Япония тоже остров, но это архипелаг — нет того одиночества, той сосредоточенности, нет той трагической мечтательности, что витает вокруг одинокого острова. Архипелаг — это морской хоровод. Что-то удивительно радостное в этом чередовании воды и суши, в игре излучин и мысов: много жизни, много обмена человеческого в этой перекличке с острова на остров; много игривой красоты в этих кусках моря, которые похожи на озера или на реки; тут материк просыпался в море, раскидал свои куски; тут море оторвало от материка его береговые части.
Япония мне не понравилась. Я был не вовремя, я был зимой. Японию надо смотреть или осенью, когда цветут хризантемы, или весной, когда вишни цветут; я ее видел под снегом. И японцы мне не понравились. Они все время бессменно вам улыбаются в лицо, хихикают. Это невольно внушает подозрение к тому, что они делают за спиной. Японки — куколки, хохотушки: палец показать — смеются. Конечно, я видел в Токио то, что показывают всякому иностранцу, — фантастическую Йошивару, квартал женщин. Улицы, в которых дома окружены верандами; эти веранды забраны золочеными решетками, в этих клетках на кокосовых циновках, со своими затейливыми прическами, в своих пестрых кимоно — улыбающиеся японочки. Сидят, разложив шлейфы по полу вокруг себя, подпоясанные широким поясом с узлом на спине, и над бронзовым горшком, в котором горячие угли, греют свои кукольные ручки. Женщина, превращенная в игрушку. У решеток толпятся мужчины, смотрят, перекликаются, выбирают… Среди глазеющей толпы видел и детей… Говорят (правда ли?), что многие девушки поступают в эти дома, чтобы составить себе приданое… Все это невероятно на наш европейский глаз, все это переносит в другую расу.

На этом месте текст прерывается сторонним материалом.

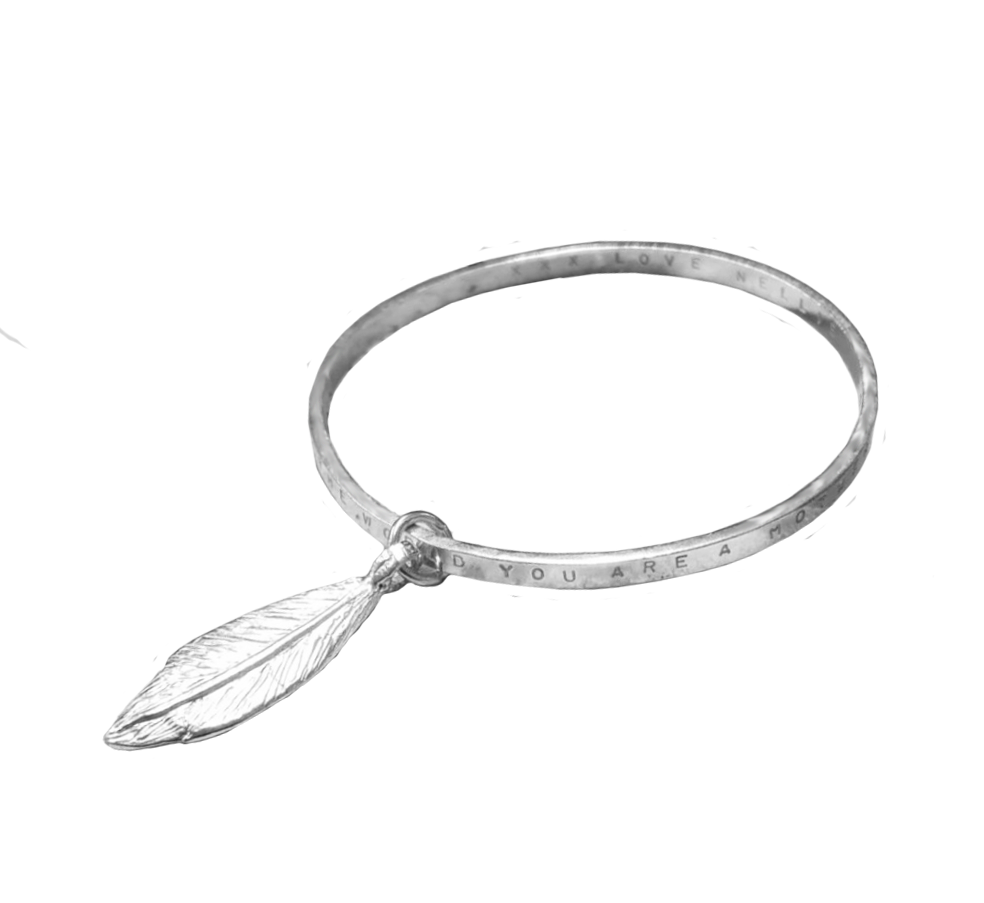 Signature Feather Quote Bangle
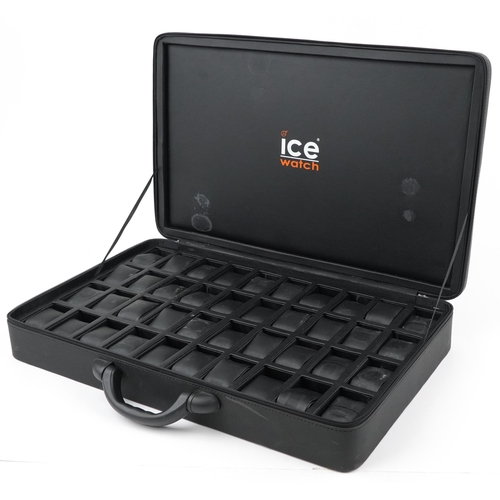 2780 - Ice Watch, black leatherette forty place Ice wristwatch case, 58cm wide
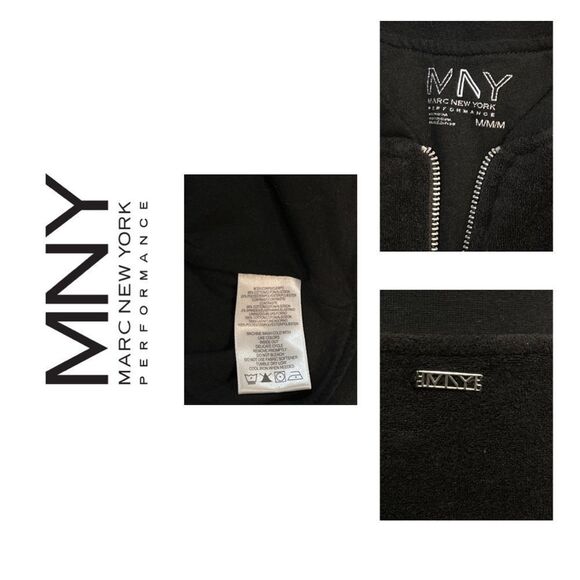 Marc New York Performance Women’s Black Terry Zip Front Jacket - Size M - Picture 4 of 4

О, как вопрос расы встал неумолимою, нерушимою твердыней в глазах моих во время кругосветного моего путешествия. Посмотрите японское искусство. Что может быть прелестнее? Прежде всего, как никогда, в Японии встала передо мной связь искусства с природой. Уже подъезжая к Иокогаме, увидел я с парохода на мысу вырисовывающиеся сосны — низкие, приземистые, стелющиеся и с тем несомненно карикатурным, что есть в японском искусстве. Когда я увидел японскую собачку, кудрявую, с кольцами волосиков на лбу, с бородкой и усиками, я понял, откуда те фарфоровые грифы, которыми мы украшаем камины и шкафы. И когда я увидел сидящих на полу вкруг бронзовых горшков кукольных японочек в затейливых прическах, проткнутых длинными булавками, я понял, сколько реализма в жеманной женщине японского искусства. И, несмотря на всю прелесть японского искусства, оно не есть моя настоящая духовная пища; оно зовет меня и радует, но оно не есть ответ на внутреннее мое стремление, и не к этим высотам воздыхает дух мой. И только в Японии я понял — почему. Я понял, что я люблю японский предмет, поскольку могу его внести в свой дом, приобщить к своей обстановке; я любовался им, не выходя из европейской атмосферы. Оттого любил сравнительно маленькие предметы. Но здесь, в Японии, я увидел большие здания, храмы, ворота, дворцы, попадая в которые, я сам входил в иную, японскую атмосферу, и эта атмосфера была мне чужая. Вот эта чужесть — это и есть расовая разность. И не в воспитании — гораздо глубже, нежели в личном воспитании, сидят корни этого чувства: в глубоких недрах человеческой природы, в таинственной наследственности от прежних поколений. Раса всего сильнее говорит в человеке; в расе сидящими корнями он чувствует, из расовых глубин исходящими родниками он высказывается. И вот почему чуждо ему то, что от другой расы; он ценит, он любуется, он любит, но дышит он только тем, что от своей расы. Кто это хорошо понимает, глубоко чувствует, тому так смешны кажутся потуги заменить эту творческую силу человеческой природы тою людской выдумкой, которая именуется классом!